> [Problem details] Could you write out, exactly and with no pictures, every line from the one containing "Rohový toaletní stolek, černá, ELIO" through the last line of the entries?

> [Data shown]
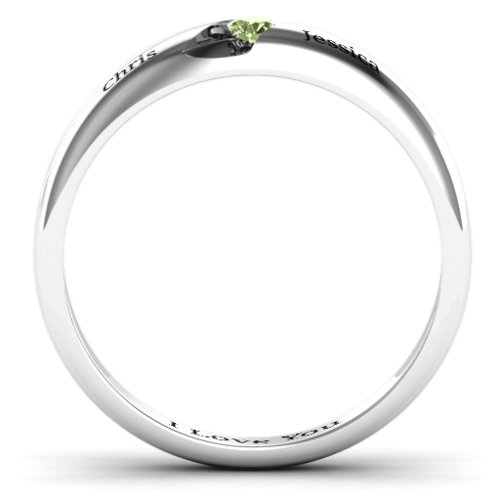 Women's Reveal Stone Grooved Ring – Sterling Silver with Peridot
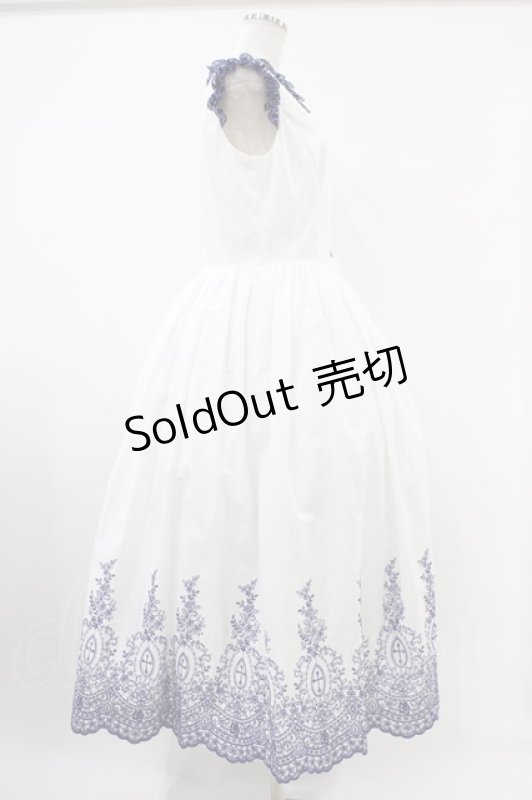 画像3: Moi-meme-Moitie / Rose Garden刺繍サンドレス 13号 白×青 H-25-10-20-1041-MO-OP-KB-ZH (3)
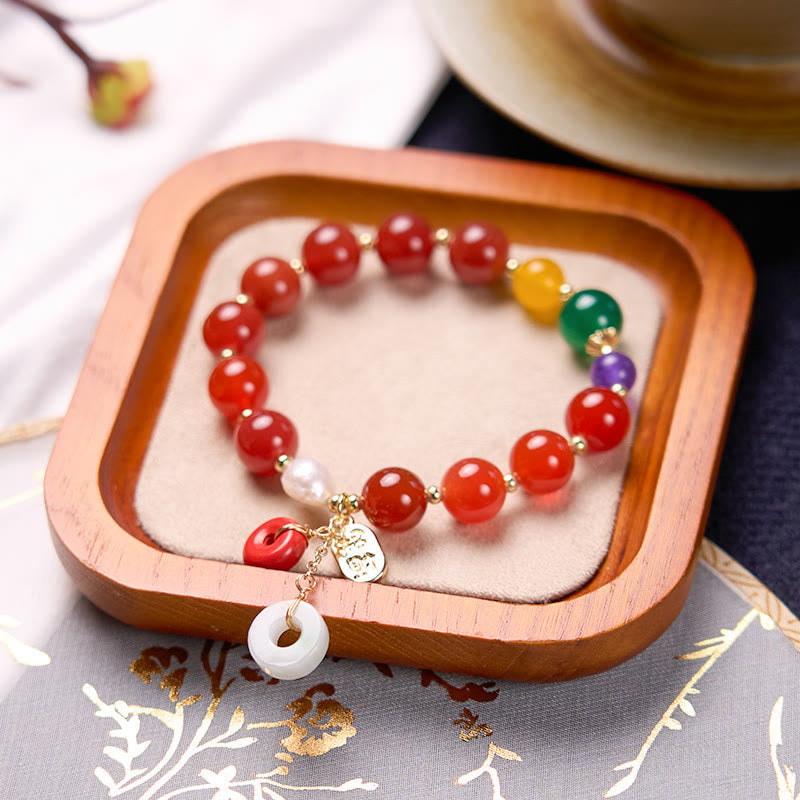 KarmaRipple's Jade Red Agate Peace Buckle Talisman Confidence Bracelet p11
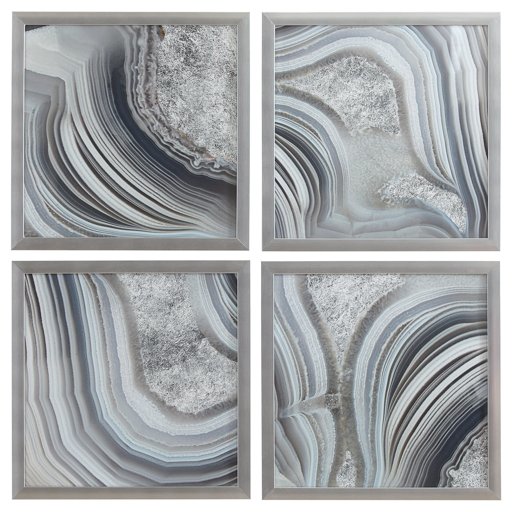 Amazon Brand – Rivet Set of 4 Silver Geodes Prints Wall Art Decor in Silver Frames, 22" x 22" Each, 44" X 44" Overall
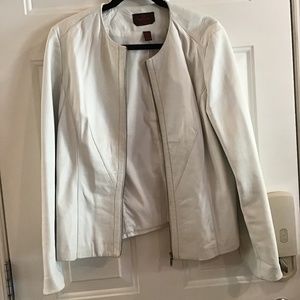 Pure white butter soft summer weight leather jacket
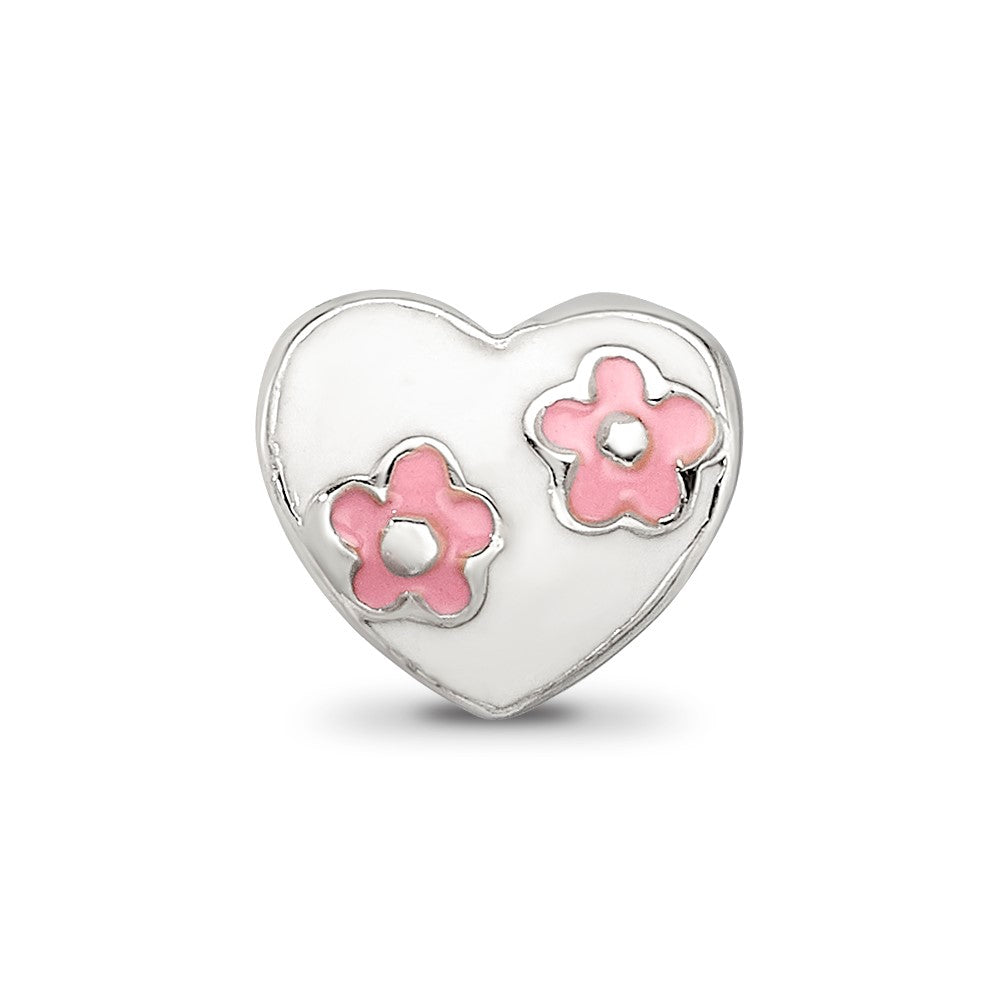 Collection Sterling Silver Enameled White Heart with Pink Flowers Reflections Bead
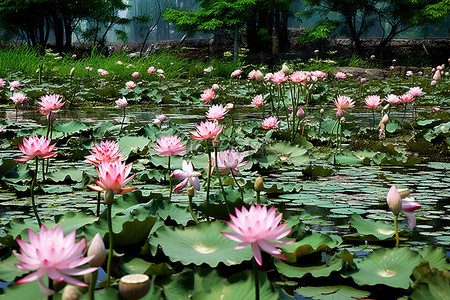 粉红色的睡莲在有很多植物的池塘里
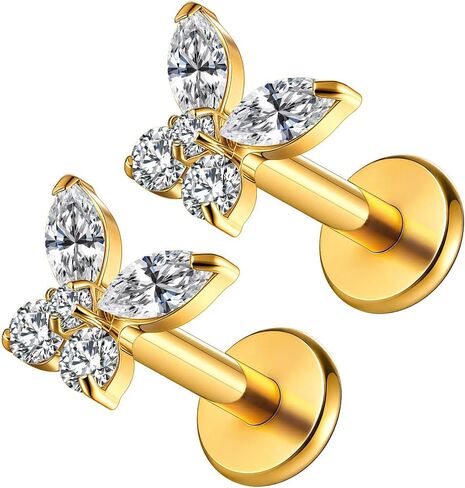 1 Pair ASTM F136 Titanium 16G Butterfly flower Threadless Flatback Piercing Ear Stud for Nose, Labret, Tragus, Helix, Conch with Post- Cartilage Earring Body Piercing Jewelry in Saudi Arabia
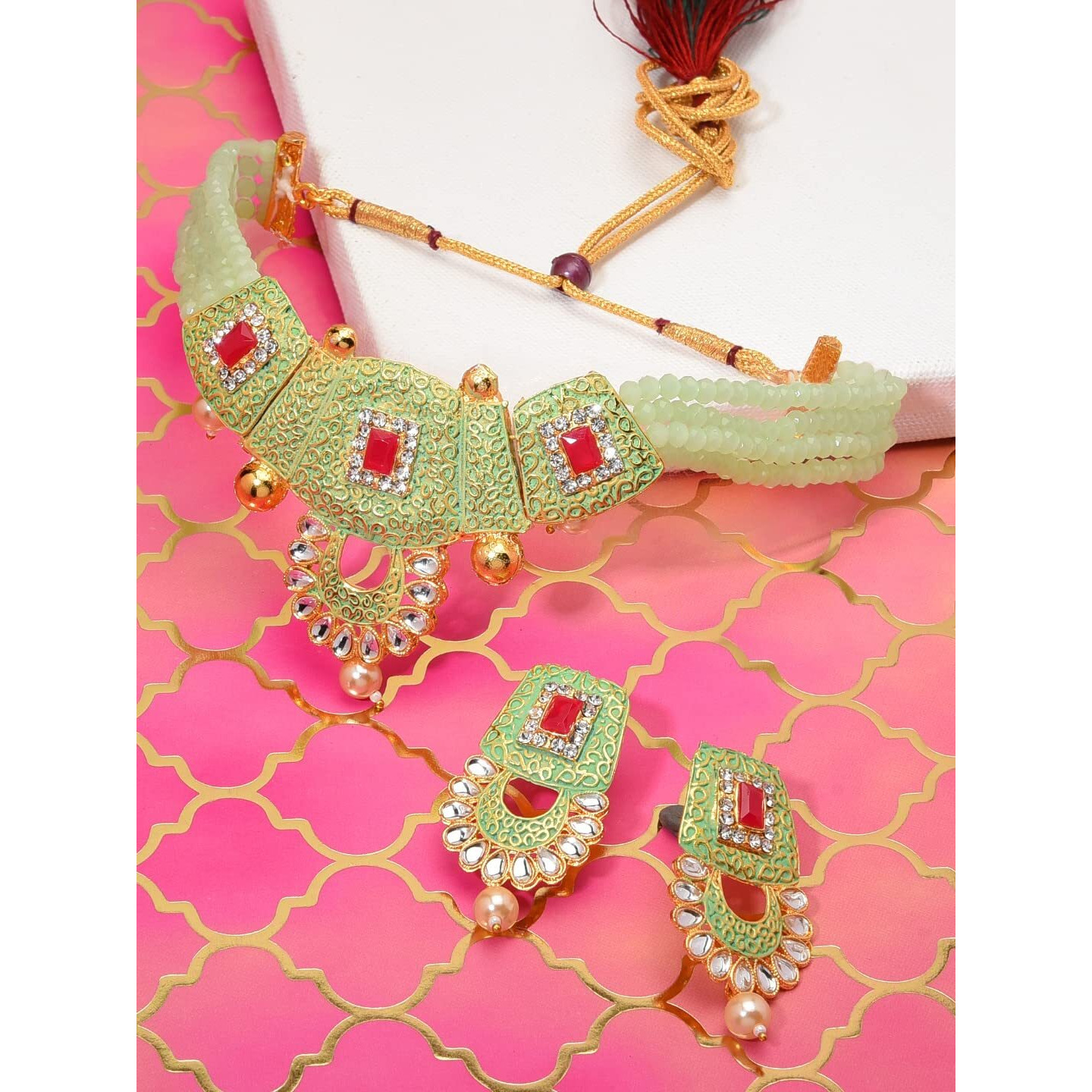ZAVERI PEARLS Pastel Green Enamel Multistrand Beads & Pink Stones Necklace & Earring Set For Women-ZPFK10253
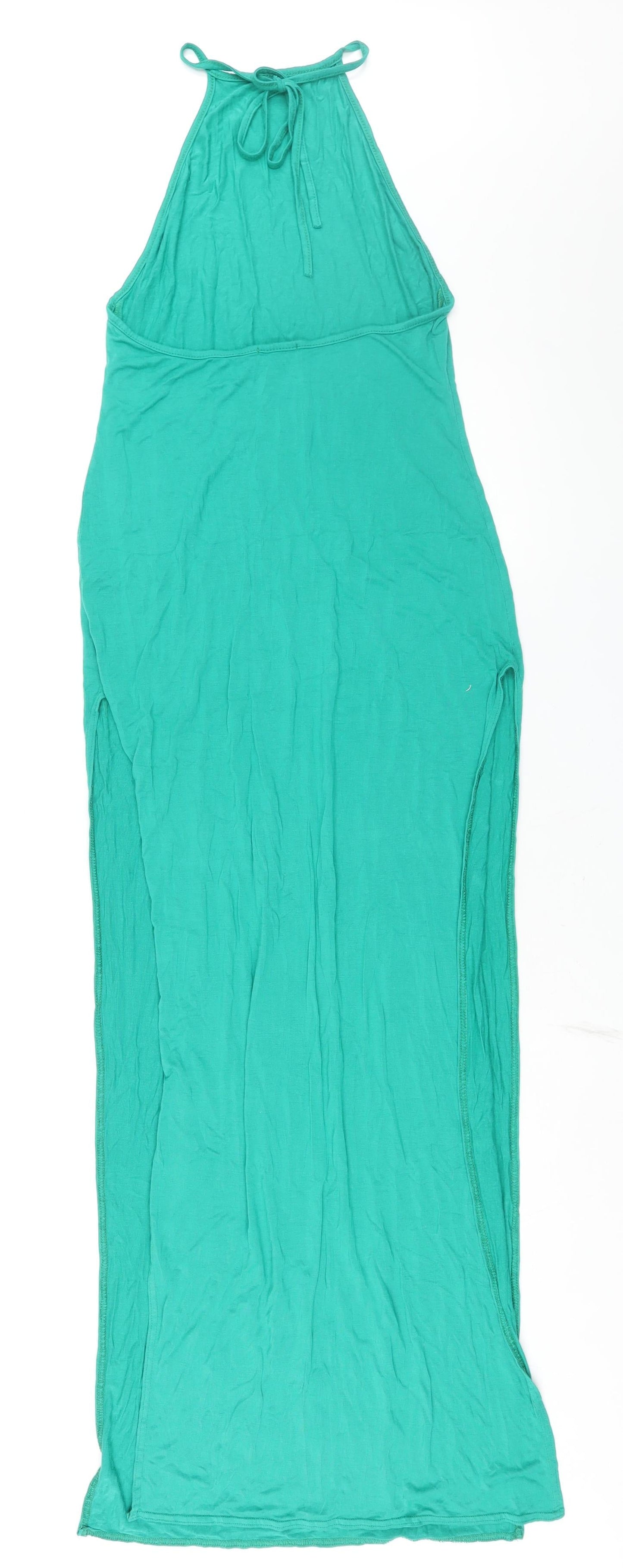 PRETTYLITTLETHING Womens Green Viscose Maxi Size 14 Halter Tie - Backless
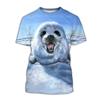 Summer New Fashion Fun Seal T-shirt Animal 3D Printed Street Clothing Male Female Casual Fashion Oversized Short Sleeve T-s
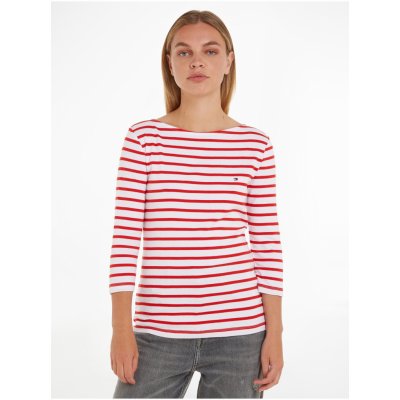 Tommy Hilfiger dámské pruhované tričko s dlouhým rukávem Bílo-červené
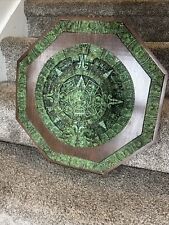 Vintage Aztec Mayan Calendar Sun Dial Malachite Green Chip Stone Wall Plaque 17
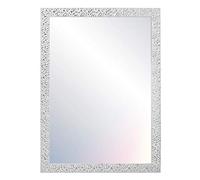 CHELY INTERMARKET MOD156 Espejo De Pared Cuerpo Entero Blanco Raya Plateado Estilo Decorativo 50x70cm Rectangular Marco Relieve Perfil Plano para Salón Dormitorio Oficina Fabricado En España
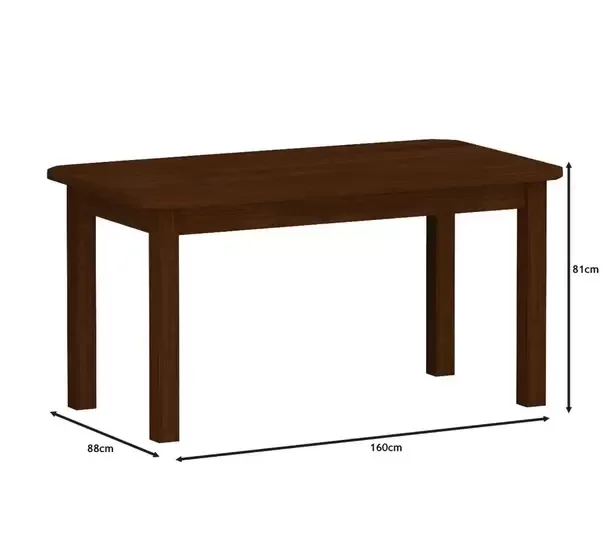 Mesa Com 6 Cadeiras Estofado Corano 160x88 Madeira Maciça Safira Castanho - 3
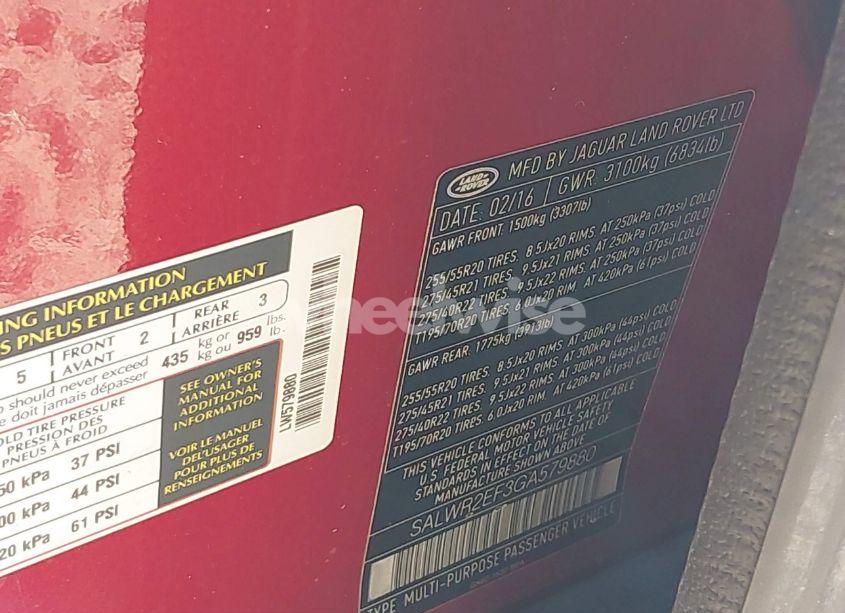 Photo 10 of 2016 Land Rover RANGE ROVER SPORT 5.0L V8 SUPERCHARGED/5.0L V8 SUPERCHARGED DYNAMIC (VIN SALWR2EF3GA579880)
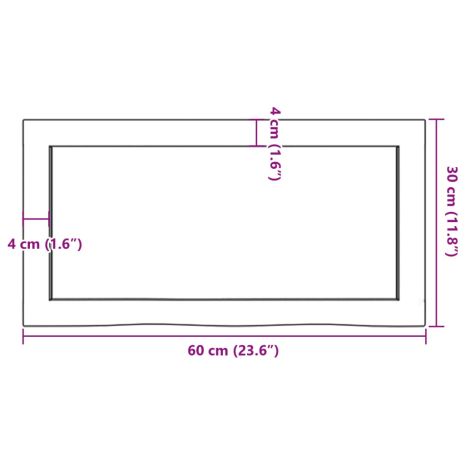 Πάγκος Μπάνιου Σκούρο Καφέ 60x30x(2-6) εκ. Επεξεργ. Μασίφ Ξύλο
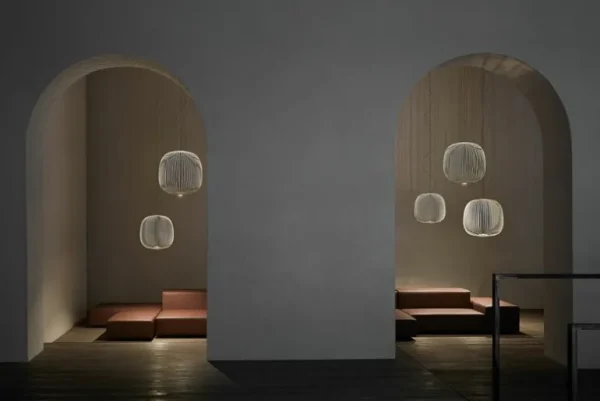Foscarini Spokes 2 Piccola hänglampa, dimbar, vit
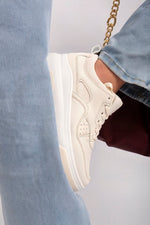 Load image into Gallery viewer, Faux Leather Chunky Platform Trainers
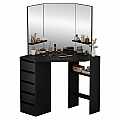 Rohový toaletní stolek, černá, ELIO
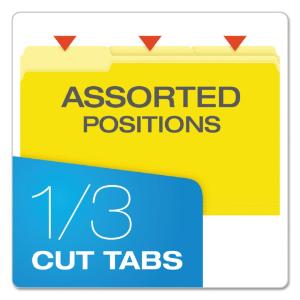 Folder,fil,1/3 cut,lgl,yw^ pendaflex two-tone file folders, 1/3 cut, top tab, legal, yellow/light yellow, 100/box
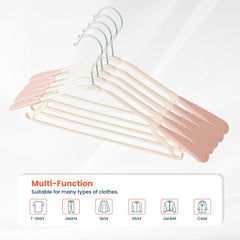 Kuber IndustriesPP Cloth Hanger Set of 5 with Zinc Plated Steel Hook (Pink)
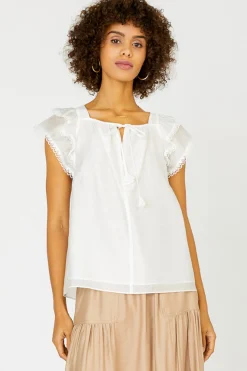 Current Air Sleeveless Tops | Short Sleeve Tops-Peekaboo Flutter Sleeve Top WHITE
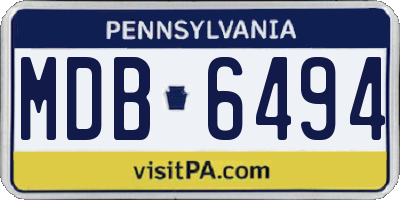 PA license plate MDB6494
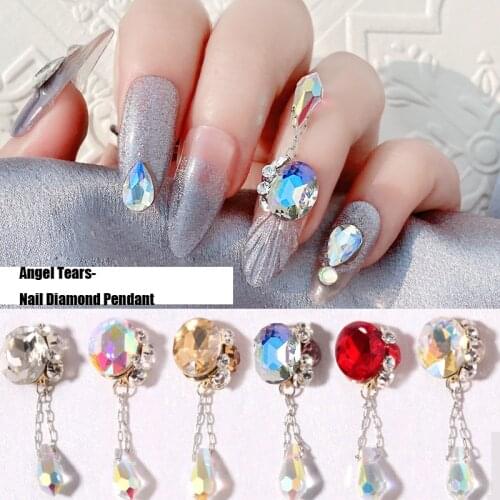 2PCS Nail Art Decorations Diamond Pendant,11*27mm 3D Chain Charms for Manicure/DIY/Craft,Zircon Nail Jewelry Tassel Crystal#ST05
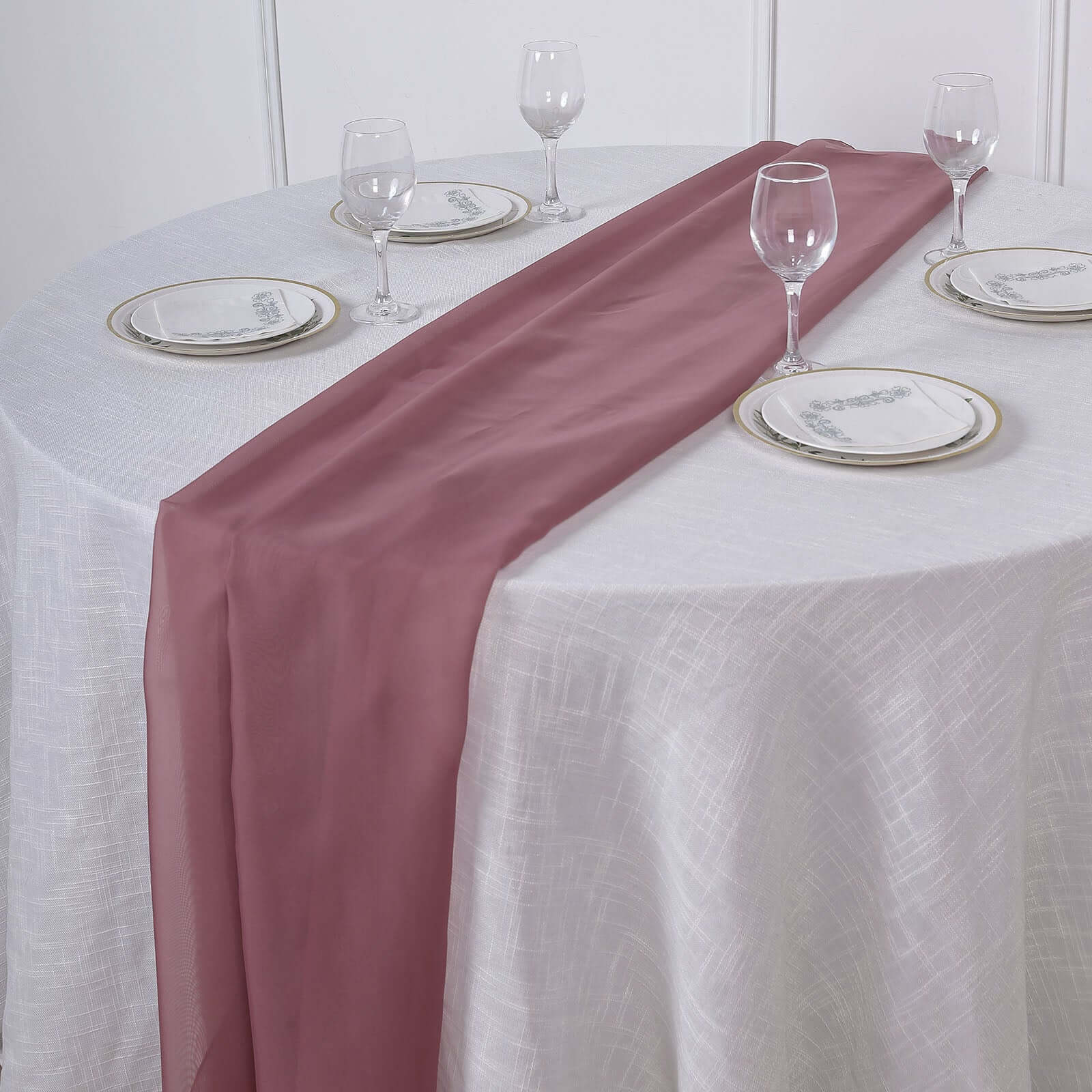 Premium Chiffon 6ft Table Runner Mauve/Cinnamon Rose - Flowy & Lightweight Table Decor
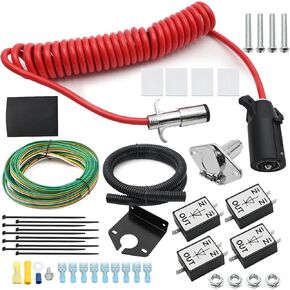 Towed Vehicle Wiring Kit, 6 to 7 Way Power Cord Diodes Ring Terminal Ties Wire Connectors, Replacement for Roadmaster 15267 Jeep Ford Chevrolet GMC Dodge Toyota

> [Your solution]
 Rohový toaletní stolek, černá, ELIO
 Folder,fil,1/3 cut,lgl,yw^ pendaflex two-tone file folders, 1/3 cut, top tab, legal, yellow/light yellow, 100/box
 Kuber IndustriesPP Cloth Hanger Set of 5 with Zinc Plated Steel Hook (Pink)
 Current Air Sleeveless Tops | Short Sleeve Tops-Peekaboo Flutter Sleeve Top WHITE
 PA license plate MDB6494
 2PCS Nail Art Decorations Diamond Pendant,11*27mm 3D Chain Charms for Manicure/DIY/Craft,Zircon Nail Jewelry Tassel Crystal#ST05
 Premium Chiffon 6ft Table Runner Mauve/Cinnamon Rose - Flowy & Lightweight Table Decor
 Towed Vehicle Wiring Kit, 6 to 7 Way Power Cord Diodes Ring Terminal Ties Wire Connectors, Replacement for Roadmaster 15267 Jeep Ford Chevrolet GMC Dodge Toyota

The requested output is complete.